The purpose of this study was to compare the clinical outcomes of HER2-positive BC patients receiving or not receiving trastuzumab treatment and HER2-negative BC patients, in a retrospective analysis of operable BC patients in the People’s Republic of China. The results, as outlined, showed that the patients receiving trastuzumab obtained a significantly lower risk of HER2-positive BC cancer recurrence than the patients not receiving trastuzumab. Also, the 3-DFS and 5-DFS rates in HER2-positive patients receiving trastuzumab treatment were higher than those in HER2-negative patients receiving conventional adjuvant treatment, although the differences were not statistically significant (P > 0.05).
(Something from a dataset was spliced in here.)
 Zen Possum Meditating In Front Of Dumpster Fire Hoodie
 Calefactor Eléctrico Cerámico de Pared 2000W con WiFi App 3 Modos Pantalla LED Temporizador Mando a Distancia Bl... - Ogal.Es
In the present study, in multivariate analysis by 3-DFS this study showed a 68.6% reduction in risk of recurrence (hazard ratio, 0.314; 95% confidence interval, 0.159–0.619; P = 0.001) in the HER2-positive patients who received trastuzumab treatment when compared with the HER2-positive patients who did not receive trastuzumab treatment. This finding was consistent with the 30%–50% relative risk reduction of recurrence and death previously found in large randomized clinical trials such as BCIRG 006, HERA, N9831, and B31.912

Moreover, this study also compared outcome between HER2-positive patients receiving trastuzumab treatment and HER2-negative patients receiving conventional therapy in the adjuvant setting. The results showed a superior clinical outcome for 3-DFS in the HER2-positive group receiving trastuzumab treatment compared with that in the HER2-negative group, although the differences were not statistically significant (P > 0.05) in univariate and multivariate analysis. Although there have not been any large, perspective, randomized studies to compare the prognosis between patients receiving trastuzumab treatment and HER2-negative patients, there have been some small clinical studies that support the results of the present study. For example, the NOAH trial compared the event-free rates of 99 HER2-negative patients with those of HER2-positive patients who either did or did not receive trastuzumab treatment, and the results showed that the event-free rate did not differ between HER2-positive patients receiving trastuzumab treatment and HER2-negative patients.14 Another study showed that HER2-positive BC patients receiving trastuzumab treatment had higher survival rates than HER2-negative BC patients.21

The authors acknowledge this study has some limitations. First, this study had a small sample size, a retrospective nature, and a short-term follow-up period; a larger, randomized, and prospective study with long-term follow-up should be considered for the future. Second, although the clinicopathologic characteristics of the BC patients in this study were well matched, minimizing the heterogeneities among three groups, there were many other factors such as chemotherapy regimen and the individual economic and social status of patients that could possibly have interfered with the results.

Conclusion

In summary, the authors evaluated the efficacy of trastuzumab in Chinese HER2-positive BC patients. Not only did this study further confirm the efficacy of trastuzumab therapy in operable HER2-positive BC but also it demonstrated the comparability of 3-DFS and 5-DFS rates between HER2-positive patients receiving trastuzumab treatment and HER2-negative patients receiving conventional adjuvant therapies. From the results of this study, the authors suggest that the prognosis of HER2-positive BC patients receiving trastuzumab is comparable to that of HER2 negative BC patients.

Acknowledgments

This work was supported by grants from the National Natural Science Foundation of China.(81272896).

Footnotes

Disclosure

The authors report no conflicts of interest in this work.